Start of Information

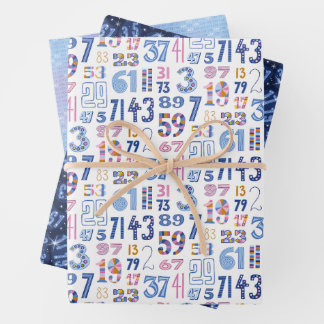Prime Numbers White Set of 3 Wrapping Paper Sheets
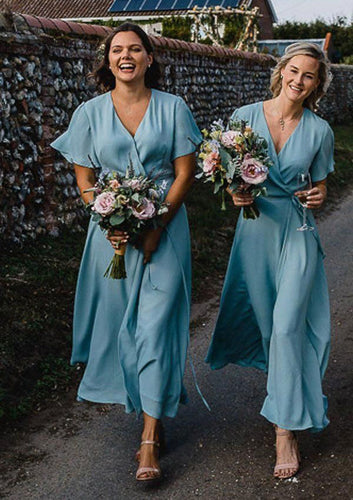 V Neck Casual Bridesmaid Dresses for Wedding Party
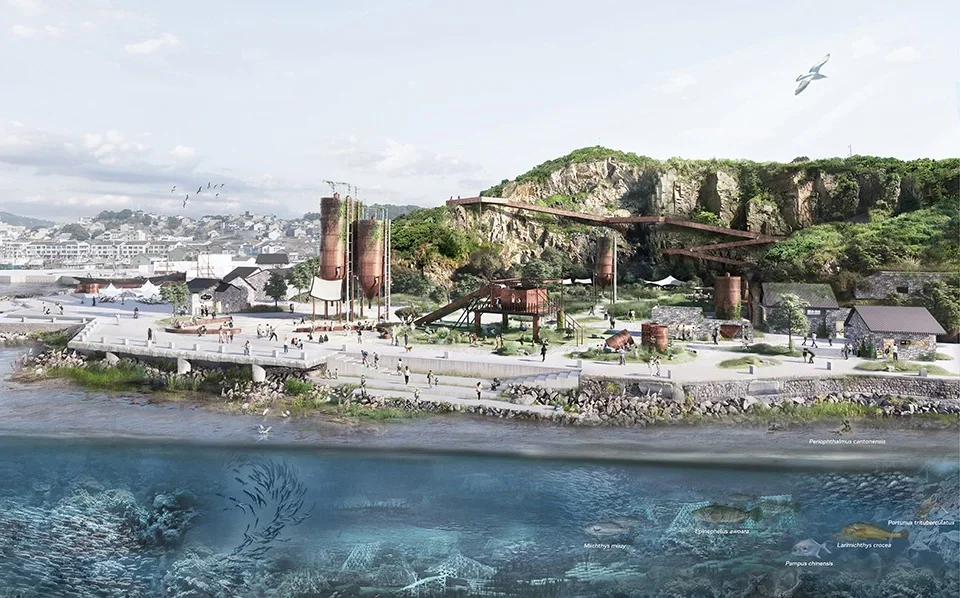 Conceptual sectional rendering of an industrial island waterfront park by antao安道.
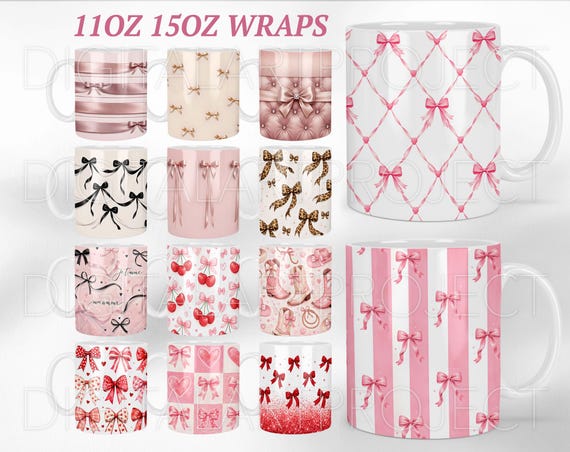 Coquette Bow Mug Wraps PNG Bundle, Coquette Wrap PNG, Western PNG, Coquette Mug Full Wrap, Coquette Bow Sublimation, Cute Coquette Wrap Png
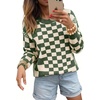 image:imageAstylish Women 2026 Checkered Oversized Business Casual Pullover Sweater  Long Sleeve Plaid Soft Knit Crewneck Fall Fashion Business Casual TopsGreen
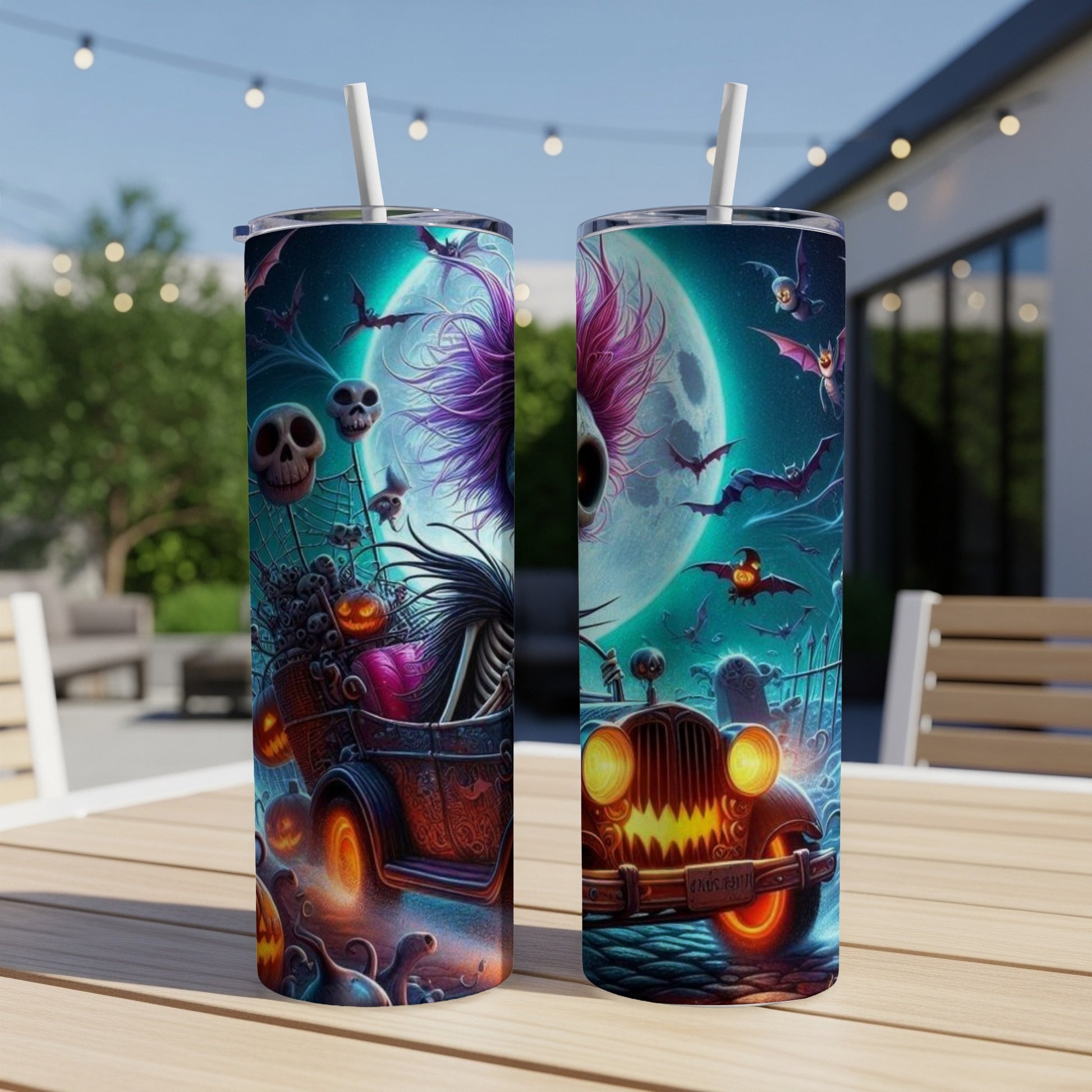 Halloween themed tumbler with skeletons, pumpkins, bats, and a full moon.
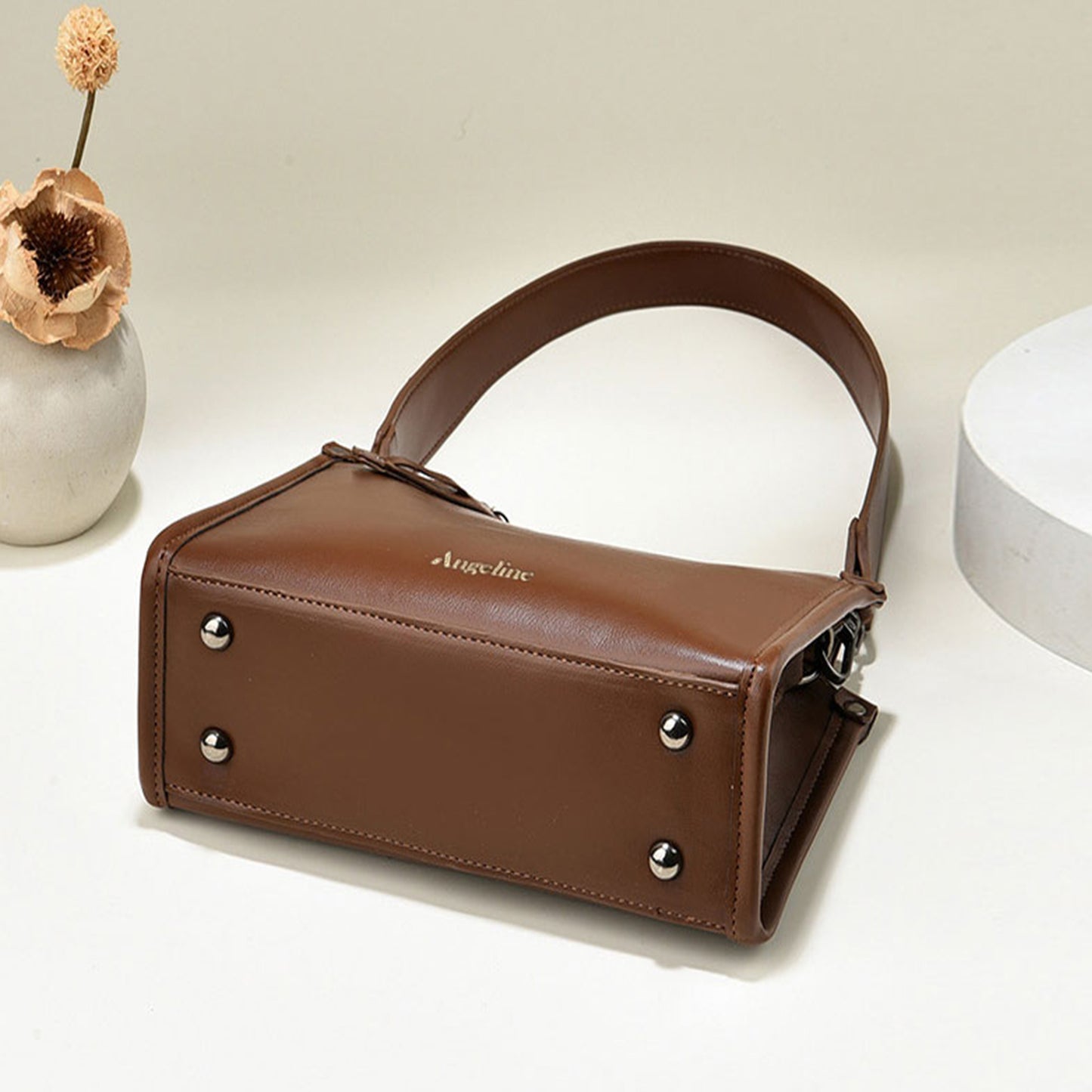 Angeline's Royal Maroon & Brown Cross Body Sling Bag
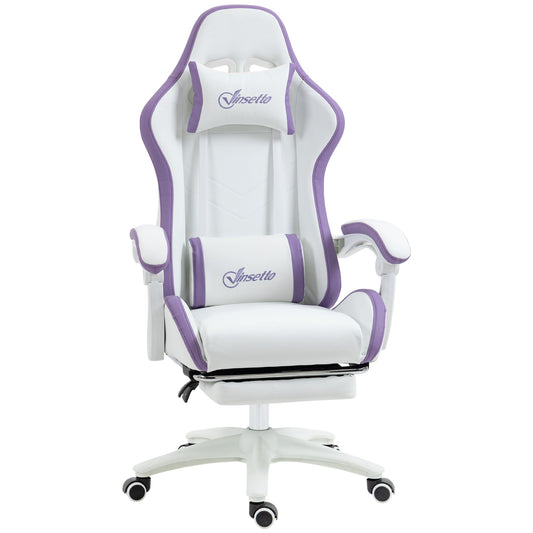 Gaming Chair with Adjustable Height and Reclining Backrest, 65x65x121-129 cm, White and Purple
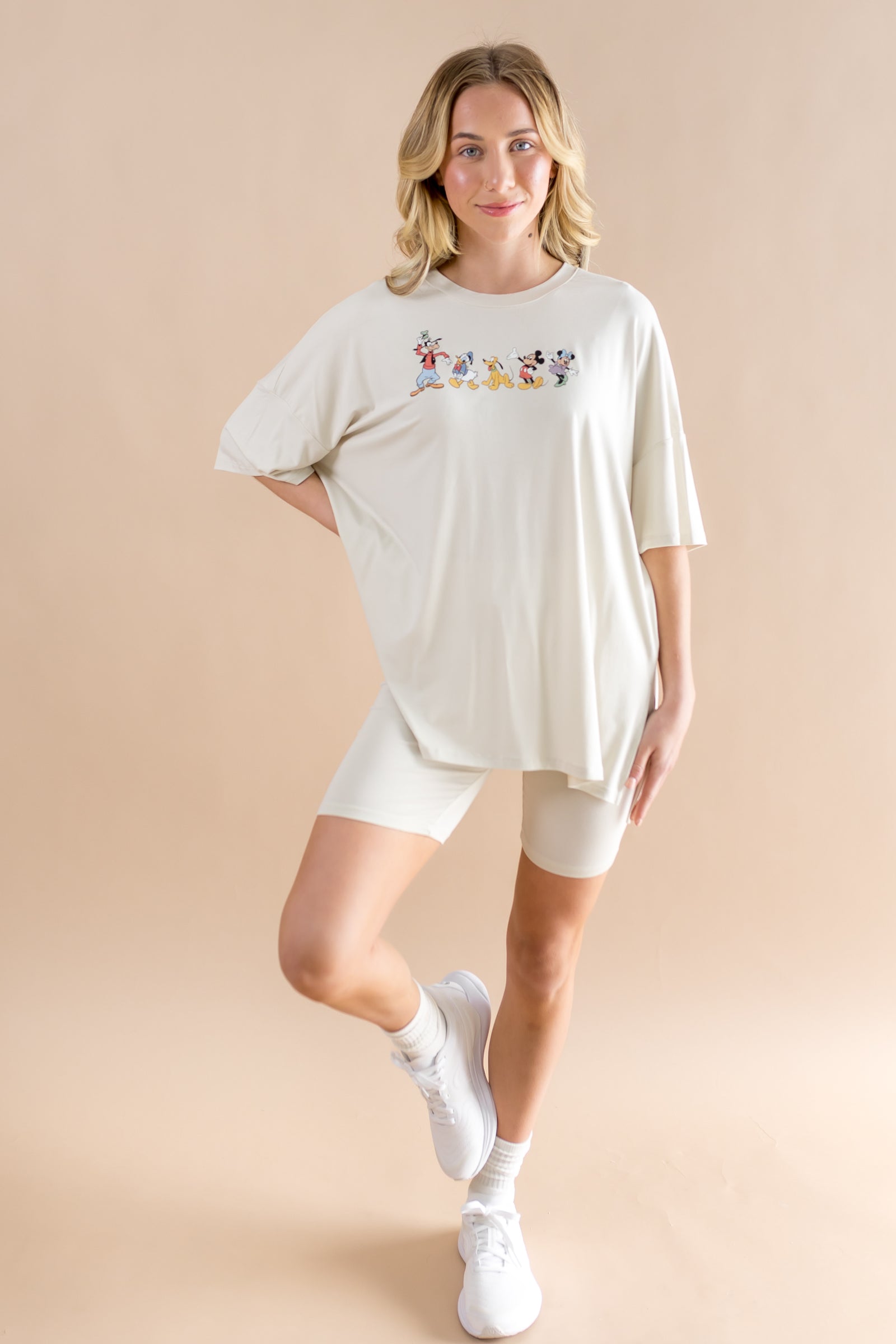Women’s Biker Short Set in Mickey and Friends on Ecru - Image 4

End of Information

Prompt → With the pictures left out, write out exactly the lines above from the one containing "V Neck Casual" through the one containing "Angeline's Royal Maroon".

Problem solution →
 V Neck Casual Bridesmaid Dresses for Wedding Party
 Conceptual sectional rendering of an industrial island waterfront park by antao安道.
 Coquette Bow Mug Wraps PNG Bundle, Coquette Wrap PNG, Western PNG, Coquette Mug Full Wrap, Coquette Bow Sublimation, Cute Coquette Wrap Png
 image:imageAstylish Women 2026 Checkered Oversized Business Casual Pullover Sweater  Long Sleeve Plaid Soft Knit Crewneck Fall Fashion Business Casual TopsGreen
 Halloween themed tumbler with skeletons, pumpkins, bats, and a full moon.
 Angeline's Royal Maroon & Brown Cross Body Sling Bag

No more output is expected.